The energy and material demands behind artificial intelligence (AI) technology raise serious questions about the environmental impacts of widespread AI adoption. Understanding these environmental-related consequences is an important component of what it means to be AI literate. Within the sphere of higher education, colleges and universities are launching initiatives to help students, faculty, and staff attain higher levels of AI literacy. Many AI literacy frameworks already call for competency in the societal and environmental impacts of AI technologies. However, tracking down and piecing together existing information about environmental impacts is not easy, making it more challenging for librarians, faculty, and students to attain robust, comprehensible materials about the varied effects of AI on the planet.

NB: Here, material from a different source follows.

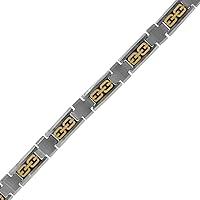Tungsten Mens H Style Religious Faith Cross Fashion Bracelet 10mm 8.5 Inch Jewelry for Men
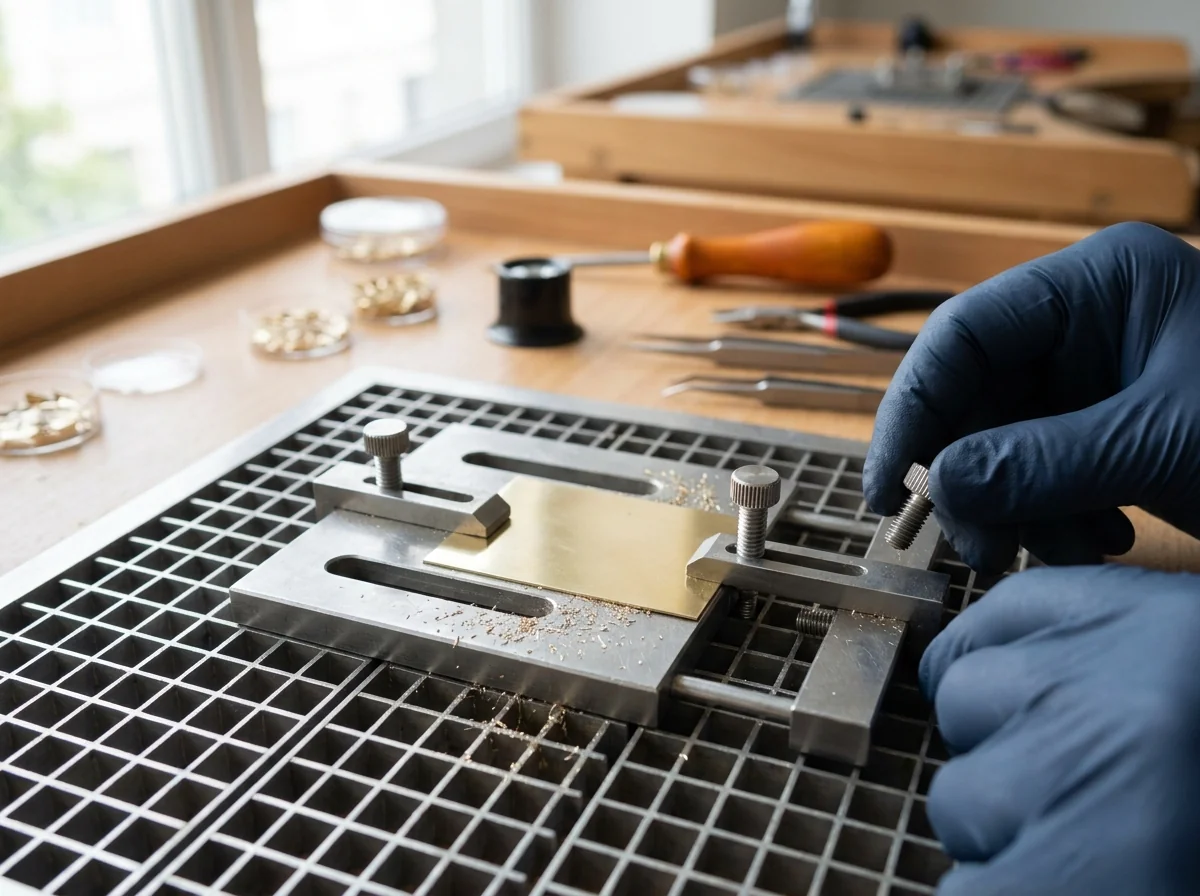Cutting fixture clamping thin sheet flat on the bed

Ithaka S+R is undertaking a new project that aims to help make it easier to include information about environmental impacts in AI literacy frameworks and training. Thanks to funding from the Mellon Foundation, “Incorporating Environmental Perspectives into AI Literacy” will produce and circulate materials to support teaching and evaluating the environmental dimensions of AI. This grant funds the creation of three key resources:

  • A libguide with information about and links to resources on AI, climate change, and other environmental impacts that librarians can use as a base resource to build and iterate on.
  • An environmental AI literacy framework that will present a set of user competencies for understanding the relationship between AI and environmental impact.
  • Modular course content to provide librarians, instructors, and others with guidance for how to incorporate the environmental impacts of widespread AI use into their AI literacy curricula.

These resources will be made openly available on Ithaka S+R’s website to facilitate the ability of educators, librarians, and others to teach and learn about the consequences of widespread AI adoption for the environment.